A young man from France was also having difficulty finding his bashert (soulmate). He thought that perhaps he should travel to Israel and that would be where he would find his wife. He discussed it with his rabbi and the rabbi suggested that the young man travel together with him and a group of other young people to New York. During their visit to the Ohel (the Rebbe's resting place), the young man could ask the Rebbe what he should do.
The young man agreed. He traveled to New York and went with the group to the Ohel. There, he said the special prayers said at the resting place of the righteous and then read the letter he had written to the Rebbe asking if he should travel to Israel to look for his bashert.
After finishing their prayers, the group went out to eat at a kosher restaurant. In the change that he received after paying his bill, the young man noticed a dollar with writing on it. He looked at the dollar and realized that it had been given to someone by the Rebbe during Sunday dollars over a decade earlier. The recipient had written the Rebbe's blessing onto the actual dollar bill. It read: "With blessings to travel to Israel."
by Yehudis Cohen
A few years ago, I was teaching in a women's summer yeshiva program. It was Friday afternoon and I gathered my children together to give charity before candle lighting, as is customary. As I handed one of my children a dollar I noticed that it had writing on it. A date and a fairly common Jewish name were written in Hebrew. I realized it was a dollar from the Rebbe and put it aside until after Shabbat.
I mentally went over the Hebrew names of the participants in the program.
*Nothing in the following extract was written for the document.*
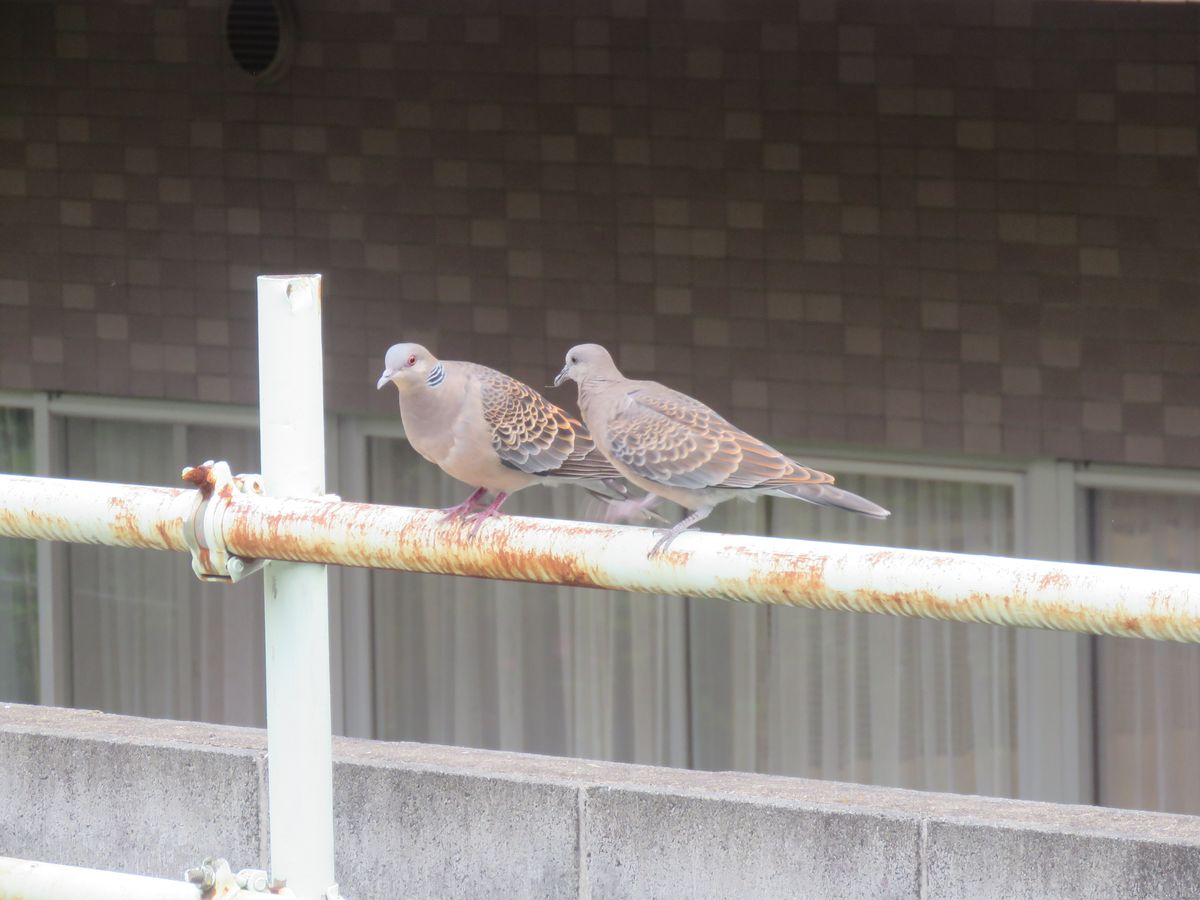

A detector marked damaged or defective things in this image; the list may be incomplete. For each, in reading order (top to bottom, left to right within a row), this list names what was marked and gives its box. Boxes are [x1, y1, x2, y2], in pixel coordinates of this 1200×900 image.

corroded metal [0, 468, 1200, 644]
rusty metal railing [2, 468, 1200, 644]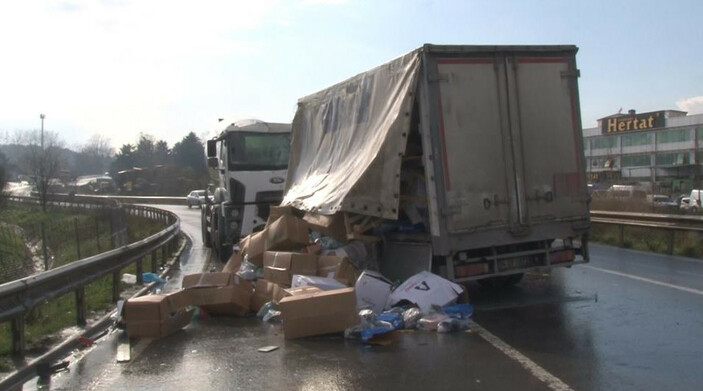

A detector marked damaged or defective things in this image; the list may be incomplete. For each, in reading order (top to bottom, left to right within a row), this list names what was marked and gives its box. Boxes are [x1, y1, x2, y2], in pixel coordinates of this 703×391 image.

I hoped to give this special dollar to a woman in the yeshiva who had never personally received a dollar from the Rebbe and who shared the name of the person who had originally received the dollar.
Interestingly, no one in the yeshiva had the name that was written on the dollar. I asked one of the other teachers if she could think of anyone by that name and she mentioned that she had a daughter by that name.
I held onto the dollar for the next few weeks, thinking that perhaps there would be a new student or visitor whose name would match that on the dollar. When it came time for the other staff member to leave, she asked me if I still had the dollar from the Rebbe and if yes, would I give it to her for her daughter. I hesitated momentarily as the teacher's daughter had personally received a dollar from the Rebbe but she had asked so I gave it to her.
The summer came to an end and I noted that no other women entered the yeshiva with the name on the dollar.
And then, I found out the end of the story. The teacher's daughter was entering a new school in the fall and was a bit anxious about the change. The teacher had asked me for the dollar so she could give it to her daughter, assuring her that the Rebbe's blessings would be with her. Before giving the dollar to her daughter, she showed it to her husband. "This is my handwriting," he told his wife in surprise. "This dollar was given to our daughter by the Rebbe when she was a young child and must have been misplaced or stolen. And now it has come back to her at precisely the time she needs it."
- (Back to text) Each Sunday for many years, people from all walks of life came to the Rebbe and received blessings or advice as well as a dollar for charity that the person would "redeem" by giving his own dollar to charity.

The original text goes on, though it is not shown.